Developmental biologists have long relied on the power of observation to understand how embryos develop. In addition, pharmacologic and genetic manipulation of embryos gives us clues as to the mechanisms involved in proper developmental processes. The ability to combine embryo manipulation with observation of embryonic development in real time has been possible for quite some time when using model organisms that develop externally, such as chicks, frogs and zebrafish. However, for those of us that use a mammalian model system, the technology to observe development in real time has lagged way behind. How we long for a way to watch organ systems develop and cell populations migrate and differentiate in the early embryo. While we have many sophisticated genetic tools to study these types of processes, we are limited to looking at simple “snapshots” of time based on when the embryos are dissected and fixed. The task of generating a robust confocal microscopy-based live imaging platform for early mouse embryos was taken on by R’ada Massarwa, a post-doc in the Niswander lab and the culmination of this work was recently published in Development (2013 Jan;140(1):226-36).

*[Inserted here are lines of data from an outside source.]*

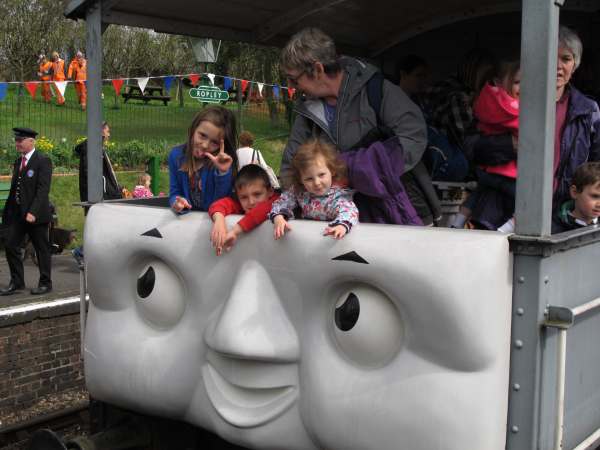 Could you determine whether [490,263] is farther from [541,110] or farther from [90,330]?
[90,330]

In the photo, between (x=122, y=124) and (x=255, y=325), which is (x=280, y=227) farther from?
(x=122, y=124)

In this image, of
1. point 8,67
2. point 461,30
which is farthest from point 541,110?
point 8,67

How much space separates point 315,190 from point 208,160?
734 mm

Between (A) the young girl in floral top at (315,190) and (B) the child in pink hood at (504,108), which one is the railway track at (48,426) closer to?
(A) the young girl in floral top at (315,190)

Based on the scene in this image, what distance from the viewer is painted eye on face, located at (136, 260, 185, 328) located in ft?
10.3

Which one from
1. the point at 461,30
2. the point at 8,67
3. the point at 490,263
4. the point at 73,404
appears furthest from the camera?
the point at 8,67

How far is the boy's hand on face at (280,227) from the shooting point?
280cm

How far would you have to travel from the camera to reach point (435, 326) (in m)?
2.42

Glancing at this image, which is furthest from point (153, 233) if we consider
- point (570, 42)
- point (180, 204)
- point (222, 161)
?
point (570, 42)

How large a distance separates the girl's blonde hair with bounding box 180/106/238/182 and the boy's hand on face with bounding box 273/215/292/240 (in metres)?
0.68

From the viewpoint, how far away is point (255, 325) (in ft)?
9.13

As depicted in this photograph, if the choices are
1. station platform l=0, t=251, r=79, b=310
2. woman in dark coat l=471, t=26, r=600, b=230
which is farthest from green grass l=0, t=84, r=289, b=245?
woman in dark coat l=471, t=26, r=600, b=230

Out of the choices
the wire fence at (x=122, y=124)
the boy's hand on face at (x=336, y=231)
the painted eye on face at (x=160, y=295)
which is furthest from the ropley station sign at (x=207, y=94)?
the boy's hand on face at (x=336, y=231)

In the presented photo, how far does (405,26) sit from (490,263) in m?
2.87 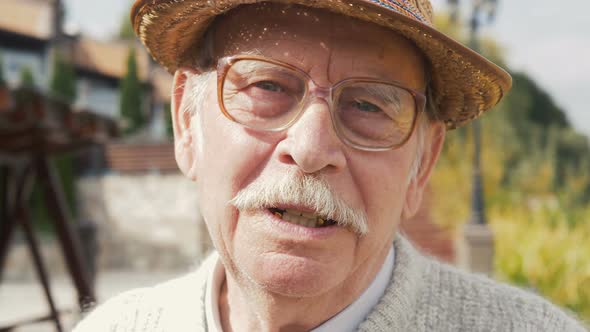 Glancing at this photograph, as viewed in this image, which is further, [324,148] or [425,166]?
[425,166]

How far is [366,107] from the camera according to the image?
140 centimetres

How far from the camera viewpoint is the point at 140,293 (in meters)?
1.88

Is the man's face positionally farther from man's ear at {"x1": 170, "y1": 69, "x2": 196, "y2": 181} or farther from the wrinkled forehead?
man's ear at {"x1": 170, "y1": 69, "x2": 196, "y2": 181}

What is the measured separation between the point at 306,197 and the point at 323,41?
34 cm

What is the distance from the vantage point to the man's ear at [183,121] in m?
1.67

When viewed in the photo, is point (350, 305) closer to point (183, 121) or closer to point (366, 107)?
point (366, 107)

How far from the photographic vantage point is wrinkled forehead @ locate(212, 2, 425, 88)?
1355mm

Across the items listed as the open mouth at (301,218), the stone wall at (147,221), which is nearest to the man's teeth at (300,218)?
the open mouth at (301,218)

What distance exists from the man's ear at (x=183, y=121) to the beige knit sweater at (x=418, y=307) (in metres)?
0.31

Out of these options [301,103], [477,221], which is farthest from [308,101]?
[477,221]

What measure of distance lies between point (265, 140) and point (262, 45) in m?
0.21

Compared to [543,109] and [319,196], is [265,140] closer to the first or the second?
[319,196]

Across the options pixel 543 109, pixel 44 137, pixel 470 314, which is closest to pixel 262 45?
pixel 470 314

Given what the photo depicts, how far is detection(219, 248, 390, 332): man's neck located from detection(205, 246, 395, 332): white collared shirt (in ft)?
0.04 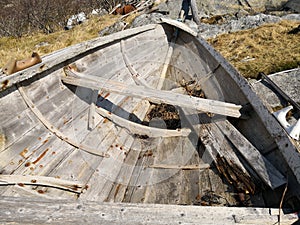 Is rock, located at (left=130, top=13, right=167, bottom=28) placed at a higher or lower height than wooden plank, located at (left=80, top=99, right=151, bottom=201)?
higher

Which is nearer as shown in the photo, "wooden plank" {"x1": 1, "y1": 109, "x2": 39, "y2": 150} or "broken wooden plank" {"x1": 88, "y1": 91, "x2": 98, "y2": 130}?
"wooden plank" {"x1": 1, "y1": 109, "x2": 39, "y2": 150}

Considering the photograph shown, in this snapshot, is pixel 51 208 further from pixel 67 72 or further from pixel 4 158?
pixel 67 72

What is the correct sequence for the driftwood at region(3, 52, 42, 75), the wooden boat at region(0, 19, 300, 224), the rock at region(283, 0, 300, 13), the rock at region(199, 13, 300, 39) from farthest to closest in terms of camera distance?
the rock at region(283, 0, 300, 13), the rock at region(199, 13, 300, 39), the driftwood at region(3, 52, 42, 75), the wooden boat at region(0, 19, 300, 224)

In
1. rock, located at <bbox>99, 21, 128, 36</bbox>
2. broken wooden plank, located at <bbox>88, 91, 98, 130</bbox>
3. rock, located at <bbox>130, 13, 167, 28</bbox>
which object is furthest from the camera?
rock, located at <bbox>99, 21, 128, 36</bbox>

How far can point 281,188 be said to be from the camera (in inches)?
92.6

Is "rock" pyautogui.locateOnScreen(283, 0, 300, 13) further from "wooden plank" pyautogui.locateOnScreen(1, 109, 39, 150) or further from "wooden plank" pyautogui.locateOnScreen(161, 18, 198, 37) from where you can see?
"wooden plank" pyautogui.locateOnScreen(1, 109, 39, 150)

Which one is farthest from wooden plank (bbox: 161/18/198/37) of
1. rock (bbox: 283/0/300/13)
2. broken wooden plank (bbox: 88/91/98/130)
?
rock (bbox: 283/0/300/13)

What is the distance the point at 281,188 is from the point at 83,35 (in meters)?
10.0

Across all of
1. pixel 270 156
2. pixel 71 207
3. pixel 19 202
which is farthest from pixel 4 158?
pixel 270 156

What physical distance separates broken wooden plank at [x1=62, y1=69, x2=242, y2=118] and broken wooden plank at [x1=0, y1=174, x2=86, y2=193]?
110 centimetres

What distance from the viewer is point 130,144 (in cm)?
379

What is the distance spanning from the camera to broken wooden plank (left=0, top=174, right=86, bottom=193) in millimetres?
2533

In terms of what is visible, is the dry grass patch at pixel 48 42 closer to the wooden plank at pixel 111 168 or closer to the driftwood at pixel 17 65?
the wooden plank at pixel 111 168

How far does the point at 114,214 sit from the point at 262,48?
6.79 metres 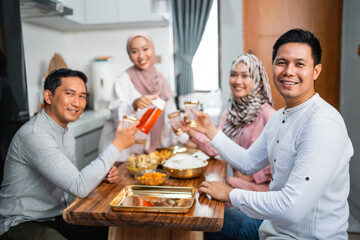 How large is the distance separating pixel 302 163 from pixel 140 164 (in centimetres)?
78

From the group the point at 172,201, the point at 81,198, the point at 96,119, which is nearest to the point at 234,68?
the point at 172,201

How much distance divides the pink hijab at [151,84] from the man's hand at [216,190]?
104cm

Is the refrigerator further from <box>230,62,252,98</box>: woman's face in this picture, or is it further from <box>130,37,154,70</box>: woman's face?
<box>230,62,252,98</box>: woman's face

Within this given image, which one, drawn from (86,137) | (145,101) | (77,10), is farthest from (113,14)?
(145,101)

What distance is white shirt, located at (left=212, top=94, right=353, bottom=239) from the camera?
1.02 m

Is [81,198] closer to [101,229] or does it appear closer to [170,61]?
[101,229]

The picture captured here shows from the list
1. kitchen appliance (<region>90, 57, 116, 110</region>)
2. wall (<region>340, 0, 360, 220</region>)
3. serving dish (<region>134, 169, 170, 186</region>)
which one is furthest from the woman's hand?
kitchen appliance (<region>90, 57, 116, 110</region>)

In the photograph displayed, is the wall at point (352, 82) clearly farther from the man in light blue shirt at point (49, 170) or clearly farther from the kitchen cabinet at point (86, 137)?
the kitchen cabinet at point (86, 137)

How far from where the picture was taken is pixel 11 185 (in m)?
1.42

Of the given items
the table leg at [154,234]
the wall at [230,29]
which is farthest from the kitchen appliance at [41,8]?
the table leg at [154,234]

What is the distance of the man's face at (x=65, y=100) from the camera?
4.78ft

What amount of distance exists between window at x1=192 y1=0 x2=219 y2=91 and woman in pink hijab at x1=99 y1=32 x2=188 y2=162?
1.61m

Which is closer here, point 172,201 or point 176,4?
point 172,201

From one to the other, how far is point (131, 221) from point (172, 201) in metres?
0.18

During the creation of this live imaging system, she chose to observe the process of neural tube closure, which occurs between days 8.5 and 10.0 of embryonic growth (E8.5-E10.0) in the mouse. Following dissection and experimental setup, the embryos are able to survive up to 16 hours of live imaging. Thus, by performing a series of experiments in which embryos were dissected at increasing somite stages, the entire process of neural tube closure was observed. This type of careful sequential experimentation also showed that the culture and imaging system did not interfere with the proper growth and movement of the tissues. The result: beautiful movies that not only show us how the neural tube develops, but also highlight all the exciting possibilities that this system brings to the study of early mammalian development.

We have been using this system to study neural tube closure, but there are many other tissues and organs that develop during these time periods (E8.5-E10.5) that are amenable to imaging including the heart, face, limbs and neural crest. By using tissue-specific Cre- recombinase reporter strains, the behavior of individual cell types can now be observed in real time in the early mammalian embryo. Also, combining fluorescent reporter strains with genetic knock-out strains and imaging the mutant embryos as the phenotype begins and progresses can provide a much better understanding of how the loss of gene function affects a developmental process. This system also provides access to the embryo itself for pharmacologic and physical manipulation. Overall, the potential for what can be learned using this live embryo imaging system is incredible. We are excited to share this technology with the scientific community and we look forward to seeing how all of you are able to use it to your advantage. Happy imaging!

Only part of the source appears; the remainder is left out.